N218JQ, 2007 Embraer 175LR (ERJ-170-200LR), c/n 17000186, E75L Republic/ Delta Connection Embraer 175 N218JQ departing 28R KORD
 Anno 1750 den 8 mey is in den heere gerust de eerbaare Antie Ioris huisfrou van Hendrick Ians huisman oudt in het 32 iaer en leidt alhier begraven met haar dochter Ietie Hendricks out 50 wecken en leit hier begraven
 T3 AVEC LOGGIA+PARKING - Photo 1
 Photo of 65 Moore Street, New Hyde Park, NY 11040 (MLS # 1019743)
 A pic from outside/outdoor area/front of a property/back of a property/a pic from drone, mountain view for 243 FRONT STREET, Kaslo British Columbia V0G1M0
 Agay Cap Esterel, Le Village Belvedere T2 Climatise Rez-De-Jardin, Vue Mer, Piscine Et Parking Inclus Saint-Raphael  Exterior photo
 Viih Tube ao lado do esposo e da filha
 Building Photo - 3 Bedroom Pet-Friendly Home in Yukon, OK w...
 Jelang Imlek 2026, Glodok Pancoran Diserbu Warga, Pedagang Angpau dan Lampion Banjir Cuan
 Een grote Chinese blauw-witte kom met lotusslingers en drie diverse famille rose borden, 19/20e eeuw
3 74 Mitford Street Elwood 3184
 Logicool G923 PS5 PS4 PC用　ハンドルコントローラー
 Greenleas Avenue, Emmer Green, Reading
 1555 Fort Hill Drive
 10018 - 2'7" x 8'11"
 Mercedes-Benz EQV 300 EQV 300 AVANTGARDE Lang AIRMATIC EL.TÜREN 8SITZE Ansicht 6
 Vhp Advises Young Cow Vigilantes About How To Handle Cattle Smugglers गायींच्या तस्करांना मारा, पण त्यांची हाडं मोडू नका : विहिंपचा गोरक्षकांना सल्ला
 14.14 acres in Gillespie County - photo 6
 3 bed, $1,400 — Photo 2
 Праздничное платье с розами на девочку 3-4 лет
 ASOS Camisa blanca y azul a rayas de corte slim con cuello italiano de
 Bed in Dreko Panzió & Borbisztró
****************
Assigned task: The entries are to be transcribed exactly, each line in full.

Result for this task:
N218JQ, 2007 Embraer 175LR (ERJ-170-200LR), c/n 17000186, E75L Republic/ Delta Connection Embraer 175 N218JQ departing 28R KORD
 Anno 1750 den 8 mey is in den heere gerust de eerbaare Antie Ioris huisfrou van Hendrick Ians huisman oudt in het 32 iaer en leidt alhier begraven met haar dochter Ietie Hendricks out 50 wecken en leit hier begraven
 T3 AVEC LOGGIA+PARKING - Photo 1
 Photo of 65 Moore Street, New Hyde Park, NY 11040 (MLS # 1019743)
 A pic from outside/outdoor area/front of a property/back of a property/a pic from drone, mountain view for 243 FRONT STREET, Kaslo British Columbia V0G1M0
 Agay Cap Esterel, Le Village Belvedere T2 Climatise Rez-De-Jardin, Vue Mer, Piscine Et Parking Inclus Saint-Raphael  Exterior photo
 Viih Tube ao lado do esposo e da filha
 Building Photo - 3 Bedroom Pet-Friendly Home in Yukon, OK w...
 Jelang Imlek 2026, Glodok Pancoran Diserbu Warga, Pedagang Angpau dan Lampion Banjir Cuan
 Een grote Chinese blauw-witte kom met lotusslingers en drie diverse famille rose borden, 19/20e eeuw
3 74 Mitford Street Elwood 3184
 Logicool G923 PS5 PS4 PC用　ハンドルコントローラー
 Greenleas Avenue, Emmer Green, Reading
 1555 Fort Hill Drive
 10018 - 2'7" x 8'11"
 Mercedes-Benz EQV 300 EQV 300 AVANTGARDE Lang AIRMATIC EL.TÜREN 8SITZE Ansicht 6
 Vhp Advises Young Cow Vigilantes About How To Handle Cattle Smugglers गायींच्या तस्करांना मारा, पण त्यांची हाडं मोडू नका : विहिंपचा गोरक्षकांना सल्ला
 14.14 acres in Gillespie County - photo 6
 3 bed, $1,400 — Photo 2
 Праздничное платье с розами на девочку 3-4 лет
 ASOS Camisa blanca y azul a rayas de corte slim con cuello italiano de
 Bed in Dreko Panzió & Borbisztró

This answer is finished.